┌──
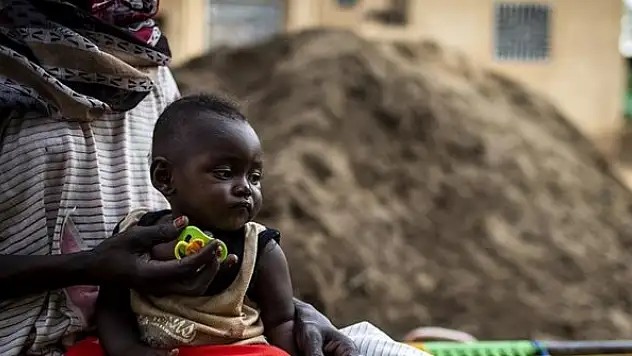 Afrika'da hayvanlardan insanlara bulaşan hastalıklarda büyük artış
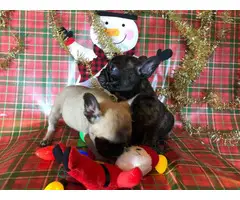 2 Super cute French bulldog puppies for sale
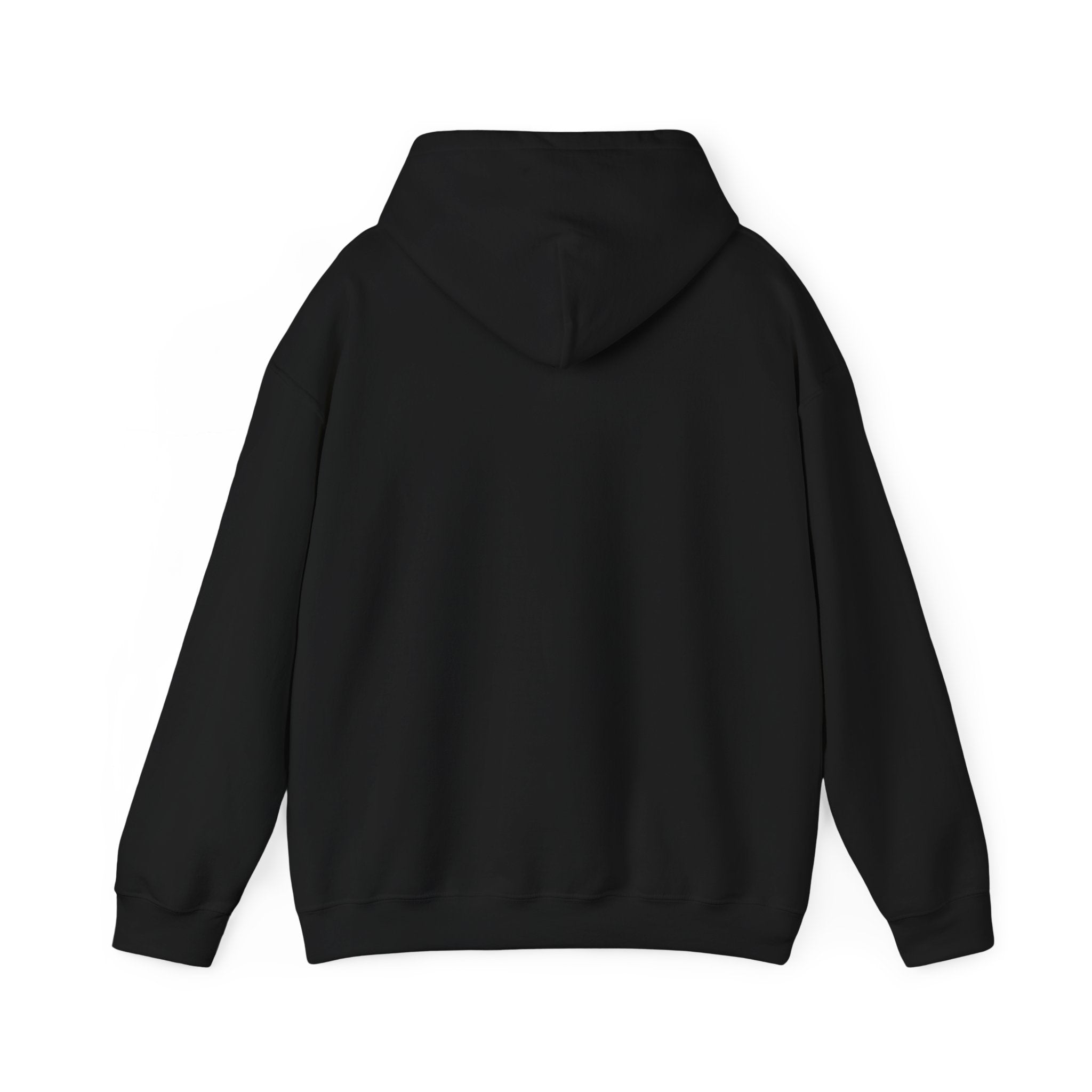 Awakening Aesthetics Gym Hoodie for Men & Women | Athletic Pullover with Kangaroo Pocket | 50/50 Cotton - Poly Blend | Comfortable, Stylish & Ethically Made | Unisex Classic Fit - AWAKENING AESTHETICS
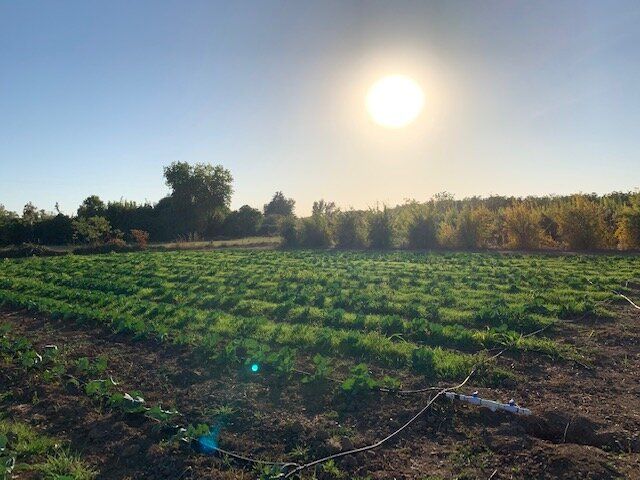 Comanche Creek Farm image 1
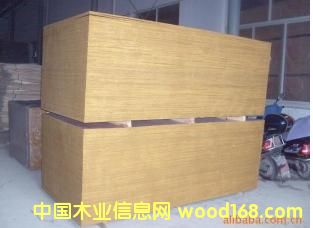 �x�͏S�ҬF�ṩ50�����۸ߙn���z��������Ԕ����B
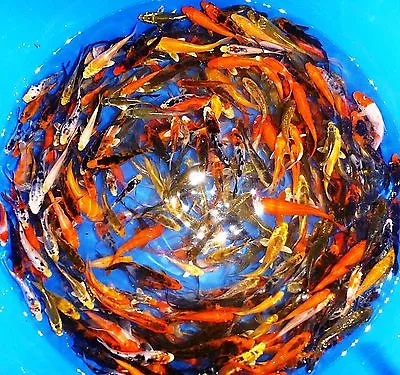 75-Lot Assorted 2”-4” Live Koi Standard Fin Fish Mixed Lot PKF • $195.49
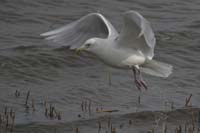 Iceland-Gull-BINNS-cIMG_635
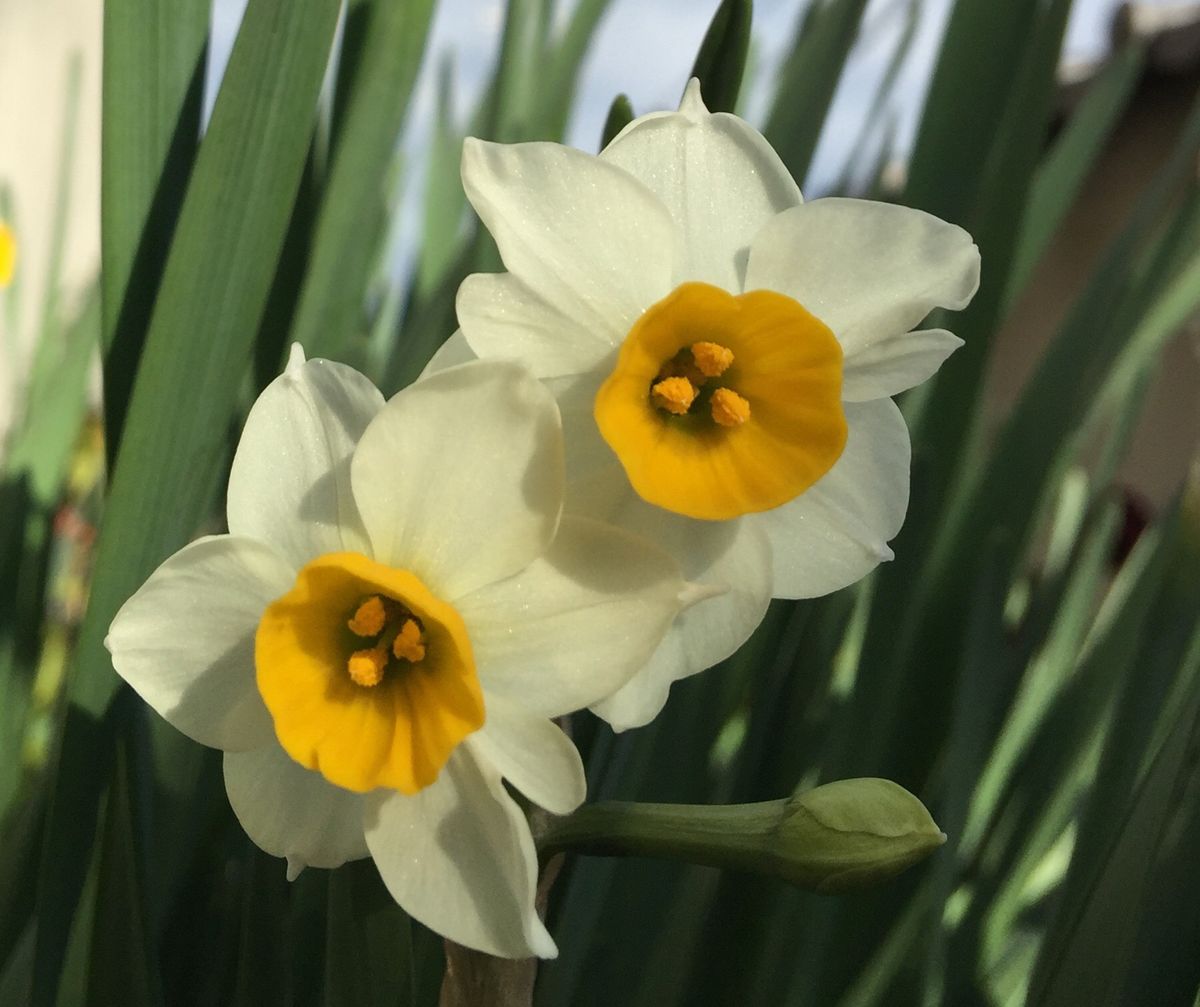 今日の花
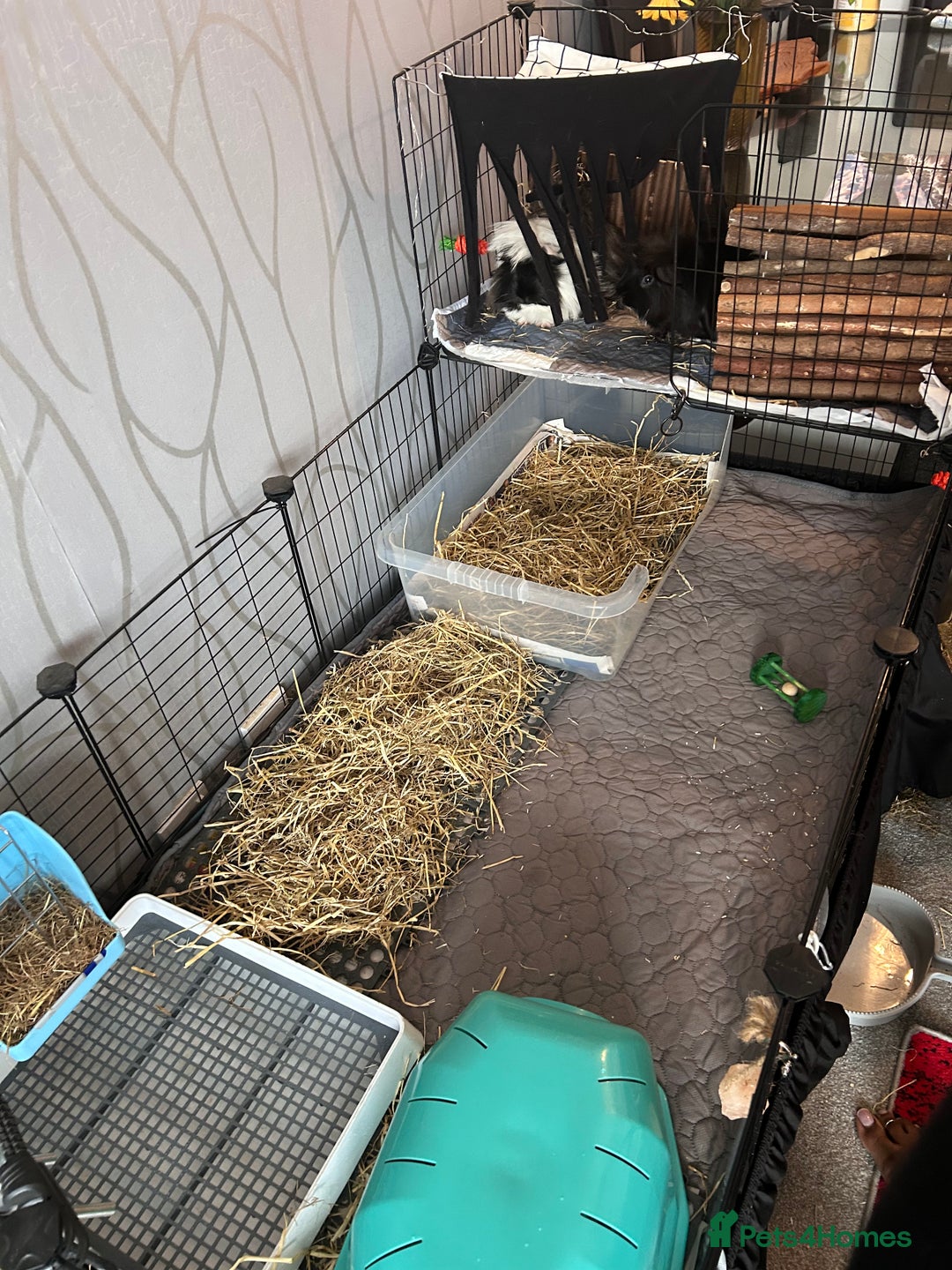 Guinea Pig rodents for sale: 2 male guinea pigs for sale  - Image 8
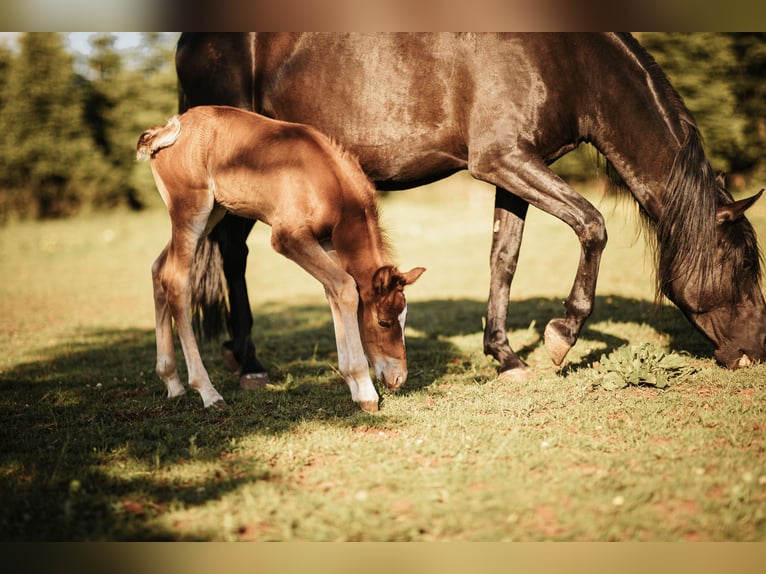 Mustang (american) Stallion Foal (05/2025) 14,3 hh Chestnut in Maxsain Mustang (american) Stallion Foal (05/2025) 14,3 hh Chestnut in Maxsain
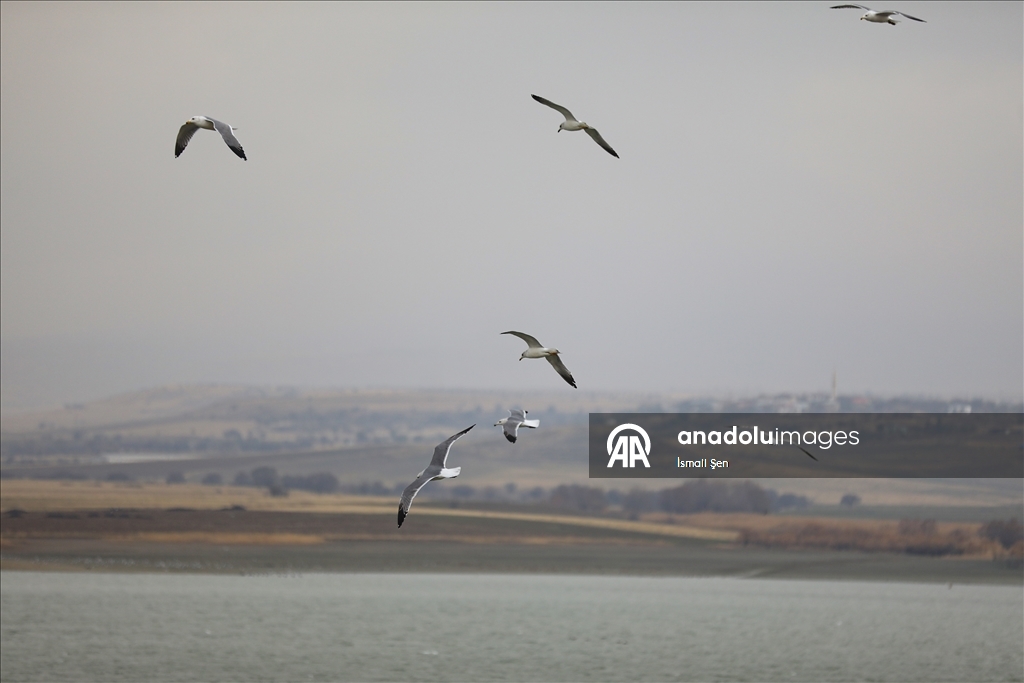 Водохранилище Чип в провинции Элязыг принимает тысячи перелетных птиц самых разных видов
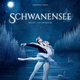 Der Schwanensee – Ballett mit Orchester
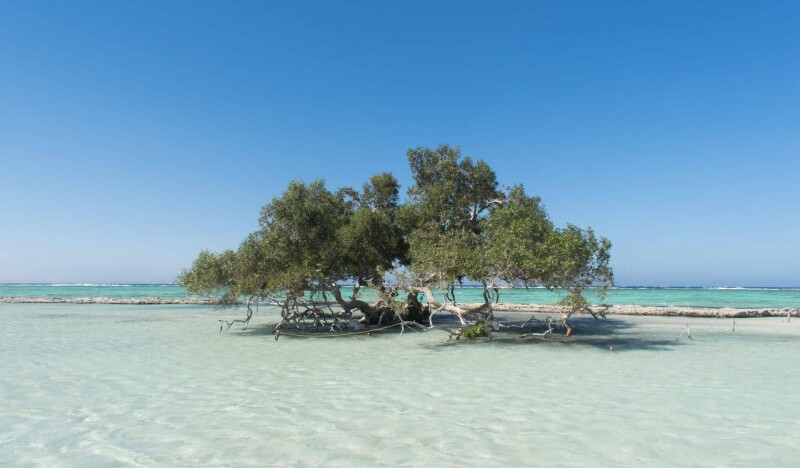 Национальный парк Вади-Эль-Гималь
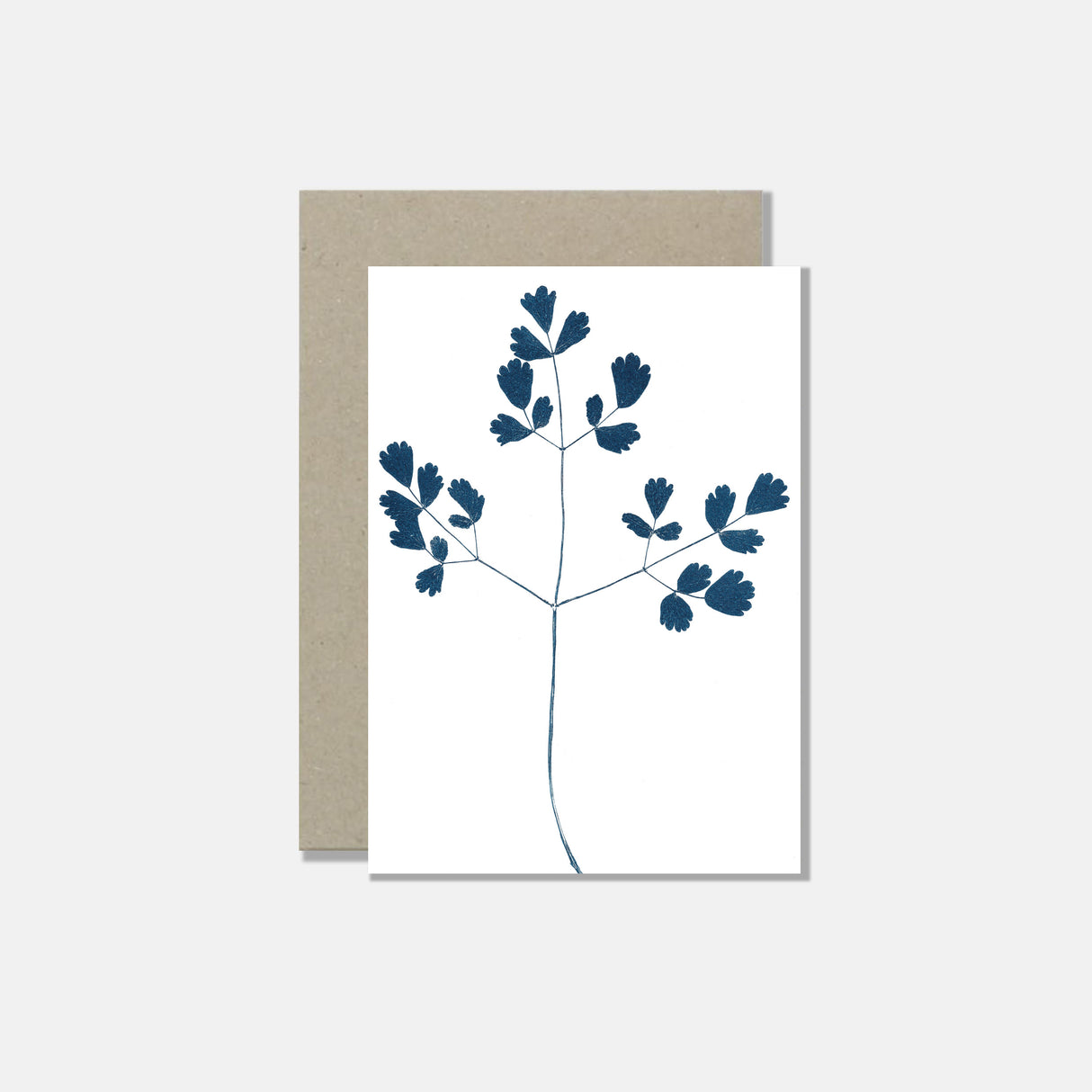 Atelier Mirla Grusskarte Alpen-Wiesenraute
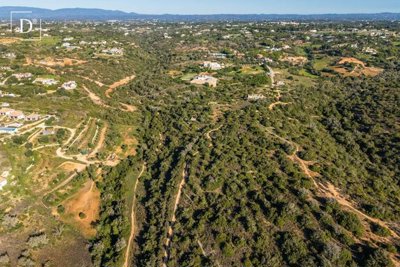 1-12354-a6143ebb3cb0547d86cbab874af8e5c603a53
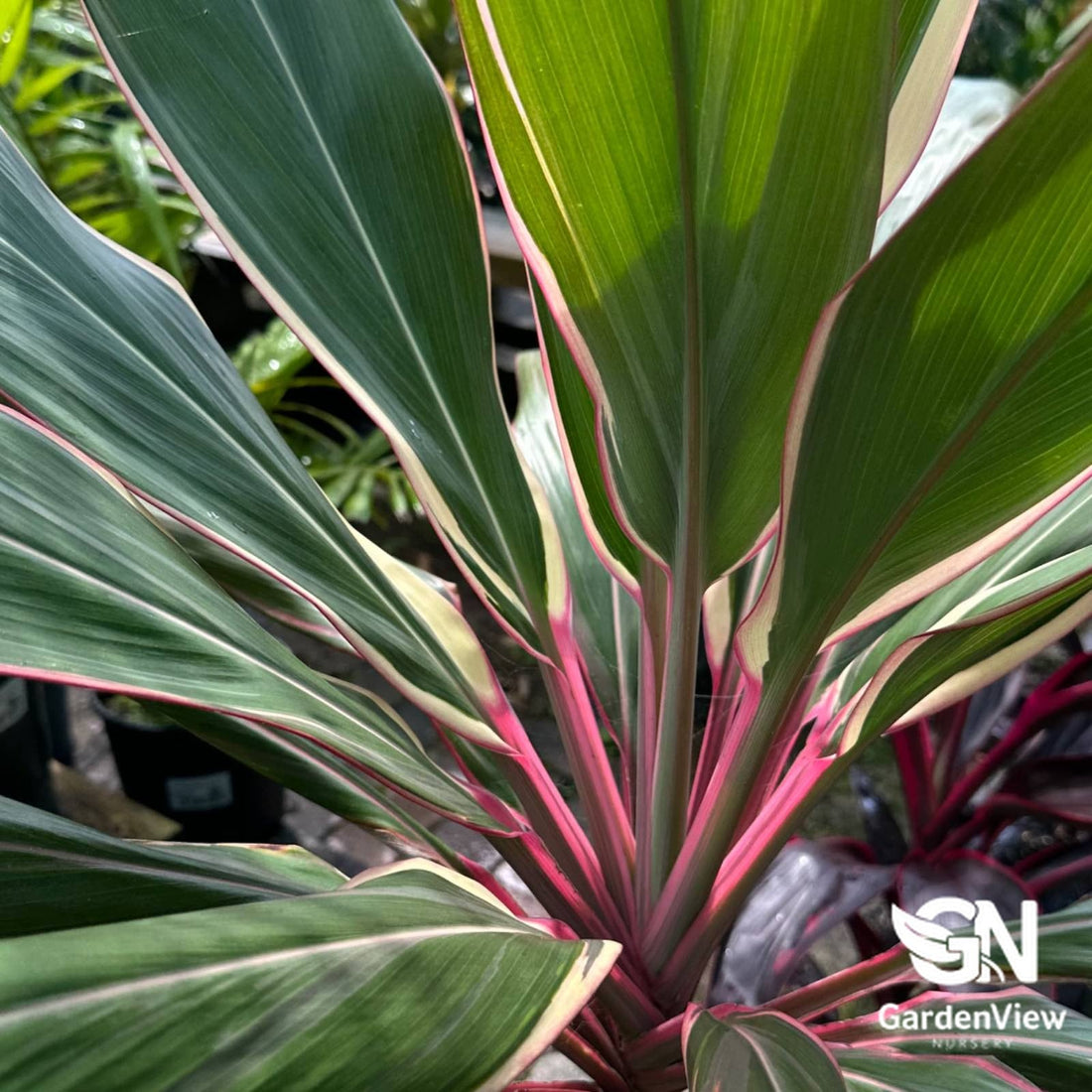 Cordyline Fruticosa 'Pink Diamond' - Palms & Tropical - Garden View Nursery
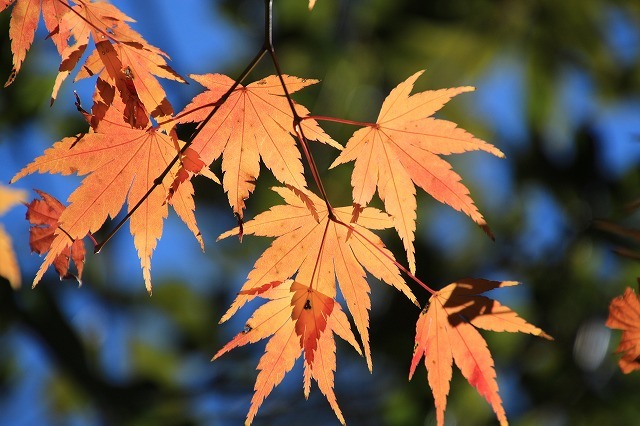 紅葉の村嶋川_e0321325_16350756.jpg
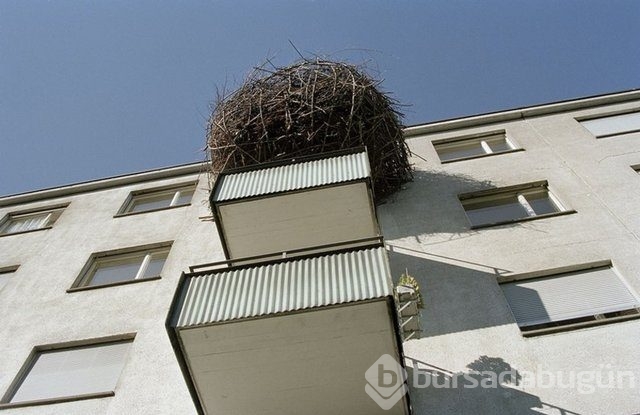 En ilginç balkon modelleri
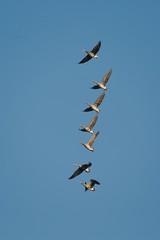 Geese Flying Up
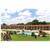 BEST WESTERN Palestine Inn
└──
Skip all pictures. Copy exactly the lines from the one containing "Cordyline Fruticosa 'Pink" through the end of the records, both ends included.

 Cordyline Fruticosa 'Pink Diamond' - Palms & Tropical - Garden View Nursery
 紅葉の村嶋川_e0321325_16350756.jpg
 En ilginç balkon modelleri
 Geese Flying Up
 BEST WESTERN Palestine Inn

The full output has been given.